Wednesday, September 24, Ram’s Head Live is proud to welcome Built to Spill and Meat Puppets, two offshoots of the 2008 All Tomorrow’s Parties Festival, which has probably gone down as having the most stacked lineup of a festival in recent rock music history.  Built to Spill will perform their 1997 Warner Brothers debut, Perfect from Now On, in its entirety, certainly the most musically demanding item in their repertoire.  There’s no word yet on whether Meat Puppets will play through Meat Puppets II as they did at ATP fest, but either way the show should be a treat.

Built to Spill is quite simply one of my favorite bands ever.

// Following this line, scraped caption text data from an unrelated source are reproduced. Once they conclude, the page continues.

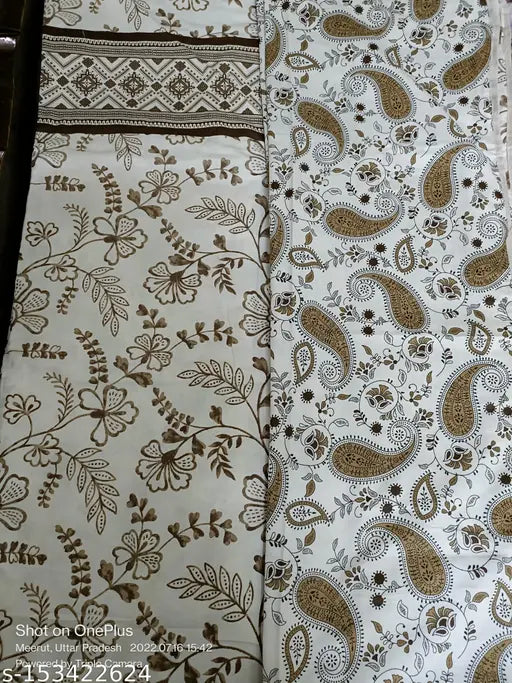 Brown and white paisley pattern on fabric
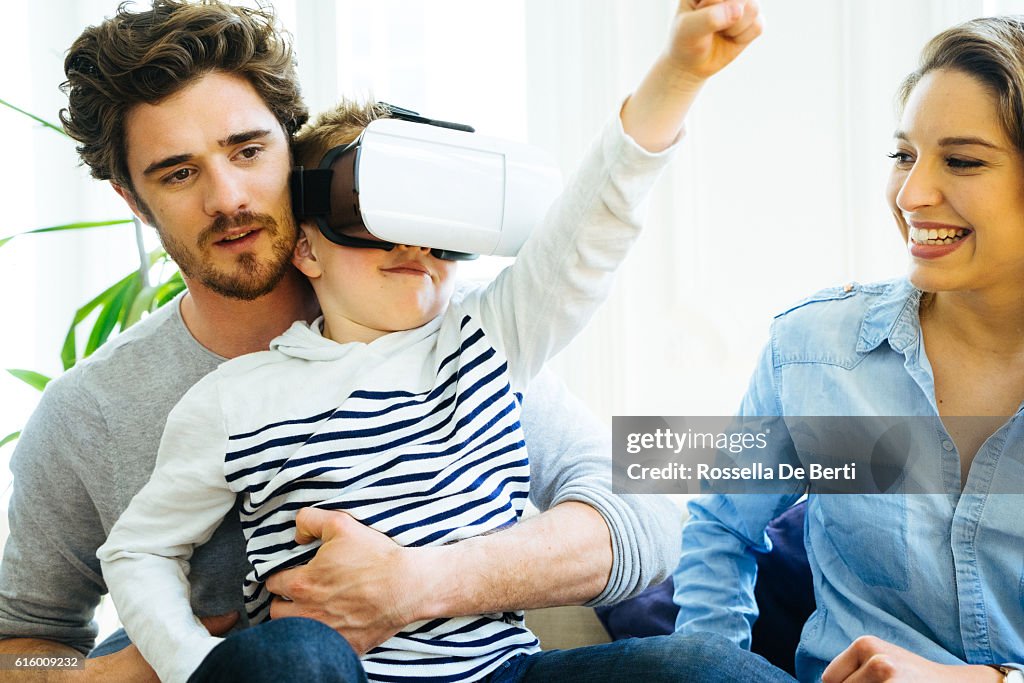 Family Experiencing Virtual Reality And Having Fan At Home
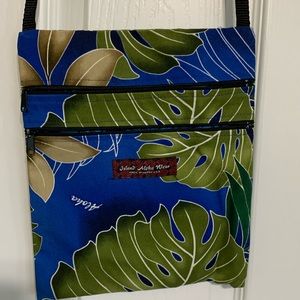 Crossbody bag in beautiful Hawaiian fabric print. 45” strap.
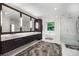 Bright primary bathroom featuring double vanity, standalone tub, and frameless shower at 306 Pinecrest Ne Rd, Atlanta, GA 30342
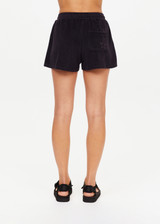 THE UPSIDE women's black Saddle Up Ziggy Short is made from hemp and cotton blend. The gym short features elastic waist and pockets. Designed for comfort.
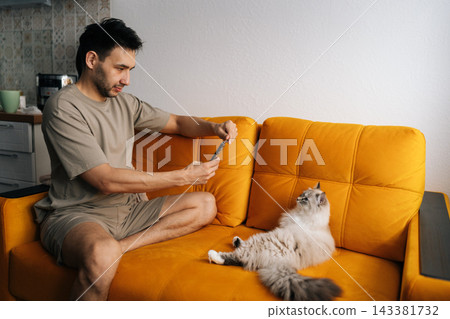 Happy young man sitting on bright orange sofa photographing fluffy cat with smartphone. Relaxed domestic lifestyle scene showing human animal bond and social media content creation at home. Happy young man sitting on bright orange sofa photographing fluffy cat with smartphone. Relaxed domestic lifestyle scene showing human animal bond and social media content creation at home. 143381732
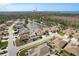 Lovely aerial view of residential neighborhood community with pond and verdant trees, with large body of water in the distance at 2619 Ravendale Ln, Holiday, FL 34691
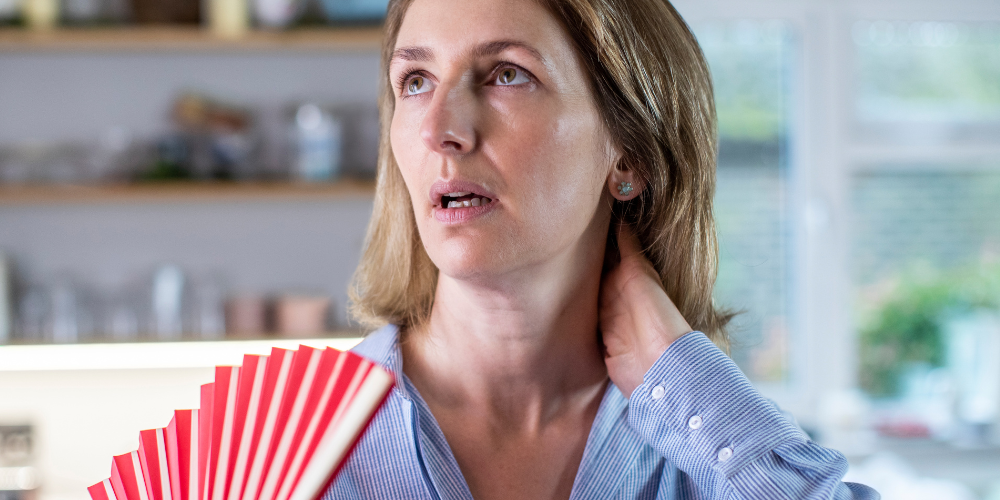 The image shows a woman holding a fan.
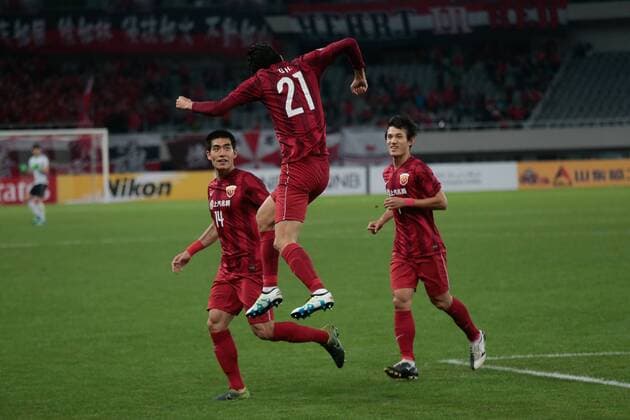 Players of China s Shanghai SIPG celebrate after scoring a goal against Australia s Melbourne Victory in their Group G match during the 2016 AFC Champions League in Shanghai, China, 19 April 2016. China s Shanghai SIPG defeated Australia s Melbourne Victory 3-1. Shanghai SIPG beats Melbourne Victory at AFC Champions League  20160420_60020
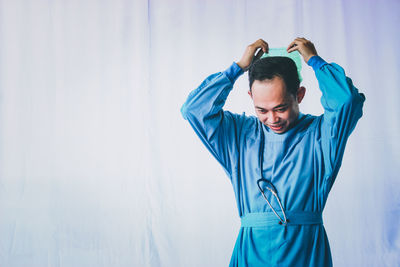 Young man looking away while standing against blue wall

I’ve seen them more than any other artist and every time has been spectacular.  They manage to sound just as good live as they do on record, which is impressive given the levels of layering that occur on the albums.  Perfect From Now On, with its constantly mutating guitar parts and shifting dynamics, is one of the more technically accomplished slabs of indie rock to come out of an era when scribble and slop ruled the genre.  Their attention to detail and knowledge of pop melody was the bedrock upon which Death Cab for Cutie and Modest Mouse built a modicum of commercial success, but certainly Doug Martsch’s matter-of-fact lyrical treatments, which often reduce complex emotional states to syllogisms, were a signpost for a generation which for better or worse tended to roll its eyes at Gen X’s existential anxiety.

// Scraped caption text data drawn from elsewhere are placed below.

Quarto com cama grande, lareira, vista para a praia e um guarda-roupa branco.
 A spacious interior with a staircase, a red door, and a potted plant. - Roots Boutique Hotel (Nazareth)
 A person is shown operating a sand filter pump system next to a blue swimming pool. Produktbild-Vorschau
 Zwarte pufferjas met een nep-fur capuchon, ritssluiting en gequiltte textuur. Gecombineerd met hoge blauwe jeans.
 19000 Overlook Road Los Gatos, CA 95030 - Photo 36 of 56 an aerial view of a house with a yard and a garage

If there’s an album which deserves to be appreciated from front to back, Perfect from Now On is the one, although the choice to undertake this kind of tour now is intriguing given the band’s recent attempts at making looser, jammier, songs, even reggae music.  From the Milton-esque extended metaphor about the afterlife known as “Randy Describes Eternity” to the climactic, swirling darkness of “Untrustable/Part 2 (About Somebody Else)” the album is at once their most impressive and their most difficult and labyrinthine.  The songs range from five to nine minutes long, either eschewing entirely the notion of return or jamming on one riff for the entirety of the song.  The lyrics catch Martsch at his most reflective and bittersweet–but still he gives us more epistemology than lyric poem.  While the songs dont exactly from a cycle, there is the sensation of having been on a journey after all the logical and musical twists and turns as the singer asks with a wink, “how many ideas can fit into your reality?”

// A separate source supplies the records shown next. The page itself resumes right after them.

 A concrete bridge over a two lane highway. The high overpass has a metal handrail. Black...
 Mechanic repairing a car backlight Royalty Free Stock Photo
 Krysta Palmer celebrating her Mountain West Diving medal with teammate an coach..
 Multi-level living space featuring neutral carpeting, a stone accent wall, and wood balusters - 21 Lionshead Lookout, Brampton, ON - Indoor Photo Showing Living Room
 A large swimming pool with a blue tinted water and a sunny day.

I’ve seen Meat Puppets twice, and they are remarkable musicians.  Even if you have a hard time swallowing the acid-punk-country melange, their confidence on stage matches the headliners and they tend to have a lot of fun with the set.  Curt Kirkwood has some of the fastest, most precise fretwork in indie rock music as younger brother Chris stomps around the stage still looking like some deranged PTSD Vietnam vet.  The show should be a unique pairing of heavyweights well worth the price of admission.  While there are a ton of musical dinosaurs still playing live for whatever reason, these two do not disappoint, and anyone who hasn’t gotten to experience their offerings should catch up on what they’ve been missing.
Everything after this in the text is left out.